Muy ilustrativo se muestra el padre José María Tojeira en un editorial publicado en la página web de la UCA, en el que razona varios de los problemas que vendrían inherentes a la lectura obligatoria de la Biblia, las consecuencias: “El contexto nacional, con tanta diversidad de opiniones entre las iglesias, con la presencia de grupos fundamentalistas que no dudan en afirmar que quienes no interpretan la Biblia como ellos van automáticamente al infierno aunque sean buenos ciudadanos, no parece dificultar la medida ni preocupar a los diputados”, y sigue con una atinada serie de ejemplos de pasajes bíblicos que podrían fomentar muchas formas de violencia si simplemente se leen y se repiten sin más contexto que el de la obligación.

También ha sido sensato el pastor Mario Vega, de la iglesia Elim, confirmando la vocación laica del Estado, y viendo en el proceder de los diputados una usurpación de funciones: “A los diputados no les corresponde legislar en materia de fe”, y sostiene que esa es labor de cada iglesia y en función de su feligresía.

La corrección a este desmán legislativo la tiene el presidente Funes, y a él se han dirigido las voces que piden un veto pertinente. Él ya se ha manifestado que consultará con las iglesias, pero también debería hacerlo con constitucionalistas y pedagogos.
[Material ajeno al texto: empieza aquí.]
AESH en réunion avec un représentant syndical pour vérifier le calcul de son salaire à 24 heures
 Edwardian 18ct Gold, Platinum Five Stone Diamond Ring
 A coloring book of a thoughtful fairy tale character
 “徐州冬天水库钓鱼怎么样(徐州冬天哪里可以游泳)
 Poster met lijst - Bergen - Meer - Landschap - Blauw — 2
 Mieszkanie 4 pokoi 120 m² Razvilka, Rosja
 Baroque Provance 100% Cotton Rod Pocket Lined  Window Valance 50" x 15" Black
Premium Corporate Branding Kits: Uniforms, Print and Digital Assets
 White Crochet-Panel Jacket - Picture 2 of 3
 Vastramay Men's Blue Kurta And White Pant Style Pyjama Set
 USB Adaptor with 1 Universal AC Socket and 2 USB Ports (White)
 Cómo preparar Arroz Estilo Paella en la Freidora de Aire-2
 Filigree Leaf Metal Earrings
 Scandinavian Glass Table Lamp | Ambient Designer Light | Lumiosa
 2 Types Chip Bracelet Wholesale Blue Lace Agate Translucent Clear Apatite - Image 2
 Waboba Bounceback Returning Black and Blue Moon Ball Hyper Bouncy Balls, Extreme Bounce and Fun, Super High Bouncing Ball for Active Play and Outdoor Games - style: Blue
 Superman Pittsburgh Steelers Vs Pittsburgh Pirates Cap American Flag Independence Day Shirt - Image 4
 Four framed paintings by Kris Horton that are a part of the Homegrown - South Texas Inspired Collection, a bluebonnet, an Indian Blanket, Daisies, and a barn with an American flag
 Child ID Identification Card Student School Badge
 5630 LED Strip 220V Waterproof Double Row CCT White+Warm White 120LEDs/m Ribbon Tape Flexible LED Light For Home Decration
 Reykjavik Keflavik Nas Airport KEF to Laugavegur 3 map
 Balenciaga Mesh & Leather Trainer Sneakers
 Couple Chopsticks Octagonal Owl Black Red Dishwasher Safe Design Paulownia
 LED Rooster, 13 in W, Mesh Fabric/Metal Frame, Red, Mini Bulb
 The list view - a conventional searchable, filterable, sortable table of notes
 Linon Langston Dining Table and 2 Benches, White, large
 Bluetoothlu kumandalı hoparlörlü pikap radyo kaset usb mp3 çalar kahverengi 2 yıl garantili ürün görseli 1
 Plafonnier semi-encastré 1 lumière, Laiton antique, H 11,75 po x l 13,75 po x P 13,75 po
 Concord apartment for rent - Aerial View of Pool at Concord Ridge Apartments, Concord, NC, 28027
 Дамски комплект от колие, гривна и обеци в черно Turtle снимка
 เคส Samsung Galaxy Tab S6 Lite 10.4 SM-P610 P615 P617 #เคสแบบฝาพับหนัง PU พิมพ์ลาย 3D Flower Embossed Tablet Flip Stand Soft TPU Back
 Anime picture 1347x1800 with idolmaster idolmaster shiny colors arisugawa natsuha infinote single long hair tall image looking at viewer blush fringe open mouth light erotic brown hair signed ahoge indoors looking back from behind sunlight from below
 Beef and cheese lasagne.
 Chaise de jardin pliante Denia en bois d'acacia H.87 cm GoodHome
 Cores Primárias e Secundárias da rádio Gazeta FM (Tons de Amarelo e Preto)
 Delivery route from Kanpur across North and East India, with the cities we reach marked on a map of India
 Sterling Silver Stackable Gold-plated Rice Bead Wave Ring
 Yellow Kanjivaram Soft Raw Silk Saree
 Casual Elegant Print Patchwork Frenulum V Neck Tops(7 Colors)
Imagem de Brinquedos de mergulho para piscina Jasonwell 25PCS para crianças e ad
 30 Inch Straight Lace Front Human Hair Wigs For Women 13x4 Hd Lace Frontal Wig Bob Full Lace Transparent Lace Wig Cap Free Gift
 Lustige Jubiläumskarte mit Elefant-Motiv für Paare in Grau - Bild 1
También debería aprovechar el interés repentino de los diputados por usar el sistema educativo para prevenir la violencia para impulsar la reforma educativa prometida, y por su parte fortalecer a su Secretaría de Cultura y reorientar su inversión en publicidad hacia campañas masivas de educación social.

Los ciudadanos podríamos hacer una buena selección de lecturas para los diputados: incluirles pasajes del Quijote de Mancha, de Madame Bobary, de Señor Presidente, cuentos de nuestro Salarrué, poemas de Walt Whitman, teatro de Óscar Wilde, selecciones de Honoré de Balzac, Máximo Gorki, Otavio Paz, Lezama Lima, James Joyce, Doris Lessing y hasta un poco de la academia de Ortega y Gasset, Fernando Savater, Michele Foucault, Sartre, Ellacuría y Alberto Masferrer. Es mucho lo que necesitan leer nuestros diputados, y quizá por obligación, para poder cumplir el mandato que el cargo les impone.